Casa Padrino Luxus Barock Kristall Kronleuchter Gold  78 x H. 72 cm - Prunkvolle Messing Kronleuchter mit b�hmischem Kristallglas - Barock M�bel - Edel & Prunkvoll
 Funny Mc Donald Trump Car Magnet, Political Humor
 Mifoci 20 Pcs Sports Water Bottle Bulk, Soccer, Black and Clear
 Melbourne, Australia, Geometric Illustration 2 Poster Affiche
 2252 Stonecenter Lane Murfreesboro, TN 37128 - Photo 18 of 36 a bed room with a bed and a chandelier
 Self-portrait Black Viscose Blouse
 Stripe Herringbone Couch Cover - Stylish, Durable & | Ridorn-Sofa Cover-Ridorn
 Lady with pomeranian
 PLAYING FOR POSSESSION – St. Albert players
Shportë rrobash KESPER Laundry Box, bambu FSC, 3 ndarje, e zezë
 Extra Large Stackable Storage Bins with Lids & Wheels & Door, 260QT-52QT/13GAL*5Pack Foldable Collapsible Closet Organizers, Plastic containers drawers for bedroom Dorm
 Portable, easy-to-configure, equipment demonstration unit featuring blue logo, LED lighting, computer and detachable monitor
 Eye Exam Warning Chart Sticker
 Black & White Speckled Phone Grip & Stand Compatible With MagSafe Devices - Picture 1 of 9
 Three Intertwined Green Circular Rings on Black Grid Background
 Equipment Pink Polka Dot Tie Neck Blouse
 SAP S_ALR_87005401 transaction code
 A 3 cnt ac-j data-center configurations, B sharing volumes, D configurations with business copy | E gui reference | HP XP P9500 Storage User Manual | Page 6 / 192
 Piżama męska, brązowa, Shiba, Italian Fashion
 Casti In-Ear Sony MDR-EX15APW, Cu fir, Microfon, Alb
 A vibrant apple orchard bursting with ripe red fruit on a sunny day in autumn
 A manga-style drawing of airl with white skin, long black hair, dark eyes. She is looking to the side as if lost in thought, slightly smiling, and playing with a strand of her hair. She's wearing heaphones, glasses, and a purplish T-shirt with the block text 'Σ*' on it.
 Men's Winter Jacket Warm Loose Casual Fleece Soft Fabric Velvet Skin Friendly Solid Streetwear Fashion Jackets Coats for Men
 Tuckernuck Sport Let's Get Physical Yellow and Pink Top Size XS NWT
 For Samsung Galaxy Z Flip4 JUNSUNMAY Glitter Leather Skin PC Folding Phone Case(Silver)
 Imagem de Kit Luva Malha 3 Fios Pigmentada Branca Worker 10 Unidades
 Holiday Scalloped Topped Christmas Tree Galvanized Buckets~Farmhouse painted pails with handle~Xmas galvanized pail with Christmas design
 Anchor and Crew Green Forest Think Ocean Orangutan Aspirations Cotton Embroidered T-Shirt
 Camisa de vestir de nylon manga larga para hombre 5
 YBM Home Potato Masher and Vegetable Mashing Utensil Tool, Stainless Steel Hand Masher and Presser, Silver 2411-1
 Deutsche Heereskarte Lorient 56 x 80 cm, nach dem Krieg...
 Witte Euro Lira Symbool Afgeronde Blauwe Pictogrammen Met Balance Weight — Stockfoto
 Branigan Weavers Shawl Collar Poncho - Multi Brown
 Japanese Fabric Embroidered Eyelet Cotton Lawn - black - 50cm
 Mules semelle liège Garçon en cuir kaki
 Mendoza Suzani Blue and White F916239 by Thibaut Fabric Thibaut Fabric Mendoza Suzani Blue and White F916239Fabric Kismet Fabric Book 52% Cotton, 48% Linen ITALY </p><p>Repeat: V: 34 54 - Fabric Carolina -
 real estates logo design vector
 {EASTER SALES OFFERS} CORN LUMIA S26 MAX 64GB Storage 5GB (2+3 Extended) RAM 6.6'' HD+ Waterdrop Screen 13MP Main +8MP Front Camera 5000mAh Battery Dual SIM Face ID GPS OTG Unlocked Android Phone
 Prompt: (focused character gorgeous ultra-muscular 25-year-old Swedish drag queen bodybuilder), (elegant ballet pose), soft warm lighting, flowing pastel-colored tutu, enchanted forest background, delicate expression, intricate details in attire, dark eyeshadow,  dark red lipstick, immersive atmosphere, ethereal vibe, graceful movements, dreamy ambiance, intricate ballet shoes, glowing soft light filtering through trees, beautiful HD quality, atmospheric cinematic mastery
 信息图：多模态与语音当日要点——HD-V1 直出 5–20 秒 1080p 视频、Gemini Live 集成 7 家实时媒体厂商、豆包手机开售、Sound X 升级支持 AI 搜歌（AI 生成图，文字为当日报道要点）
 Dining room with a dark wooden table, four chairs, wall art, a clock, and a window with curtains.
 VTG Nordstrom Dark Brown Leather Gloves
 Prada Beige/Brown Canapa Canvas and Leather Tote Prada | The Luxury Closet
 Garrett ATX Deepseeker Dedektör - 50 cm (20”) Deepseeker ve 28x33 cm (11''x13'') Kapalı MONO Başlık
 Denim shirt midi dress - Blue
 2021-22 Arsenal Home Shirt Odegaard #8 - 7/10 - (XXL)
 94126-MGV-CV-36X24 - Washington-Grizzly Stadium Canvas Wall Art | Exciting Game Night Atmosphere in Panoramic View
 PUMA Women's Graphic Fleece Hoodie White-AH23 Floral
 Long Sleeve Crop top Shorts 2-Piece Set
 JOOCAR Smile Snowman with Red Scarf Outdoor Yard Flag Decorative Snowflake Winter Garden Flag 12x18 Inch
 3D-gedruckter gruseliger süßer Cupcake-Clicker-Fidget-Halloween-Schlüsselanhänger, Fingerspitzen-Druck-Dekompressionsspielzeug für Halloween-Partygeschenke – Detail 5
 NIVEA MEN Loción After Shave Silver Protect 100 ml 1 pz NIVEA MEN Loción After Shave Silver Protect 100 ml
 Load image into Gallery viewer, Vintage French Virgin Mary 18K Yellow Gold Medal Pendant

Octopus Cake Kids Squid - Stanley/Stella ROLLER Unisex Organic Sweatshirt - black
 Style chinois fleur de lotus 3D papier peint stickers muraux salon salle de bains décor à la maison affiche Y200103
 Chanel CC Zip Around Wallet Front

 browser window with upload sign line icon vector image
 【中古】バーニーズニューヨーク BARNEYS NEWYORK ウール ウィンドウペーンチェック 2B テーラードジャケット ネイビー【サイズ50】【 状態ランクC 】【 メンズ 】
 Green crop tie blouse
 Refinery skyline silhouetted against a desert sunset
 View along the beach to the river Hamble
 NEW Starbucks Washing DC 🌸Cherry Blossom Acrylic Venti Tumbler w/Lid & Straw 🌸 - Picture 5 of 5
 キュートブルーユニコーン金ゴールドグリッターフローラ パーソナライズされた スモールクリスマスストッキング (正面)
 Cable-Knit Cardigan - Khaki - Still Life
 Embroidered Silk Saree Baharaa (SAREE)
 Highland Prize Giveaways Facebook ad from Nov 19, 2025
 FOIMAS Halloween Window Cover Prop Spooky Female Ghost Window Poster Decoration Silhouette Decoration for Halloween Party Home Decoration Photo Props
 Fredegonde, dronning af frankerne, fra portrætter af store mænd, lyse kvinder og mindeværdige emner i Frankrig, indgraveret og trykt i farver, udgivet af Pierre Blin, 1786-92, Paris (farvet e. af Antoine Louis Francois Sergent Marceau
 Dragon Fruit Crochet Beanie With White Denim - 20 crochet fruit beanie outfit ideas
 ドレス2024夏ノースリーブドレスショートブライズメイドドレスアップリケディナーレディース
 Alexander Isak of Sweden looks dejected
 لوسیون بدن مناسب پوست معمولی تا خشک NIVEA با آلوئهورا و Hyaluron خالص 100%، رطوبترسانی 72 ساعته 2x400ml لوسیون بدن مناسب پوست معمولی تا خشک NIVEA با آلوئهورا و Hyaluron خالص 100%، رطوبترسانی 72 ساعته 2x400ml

Exercise: Once you find the line with "Long Sleeve Crop top Shorts 2-Piece Set" above, print it and every line after it up to and including the line with "3D-gedruckter gruseliger süßer", exactly as written and nothing else.

Response box:
 Long Sleeve Crop top Shorts 2-Piece Set
 JOOCAR Smile Snowman with Red Scarf Outdoor Yard Flag Decorative Snowflake Winter Garden Flag 12x18 Inch
 3D-gedruckter gruseliger süßer Cupcake-Clicker-Fidget-Halloween-Schlüsselanhänger, Fingerspitzen-Druck-Dekompressionsspielzeug für Halloween-Partygeschenke – Detail 5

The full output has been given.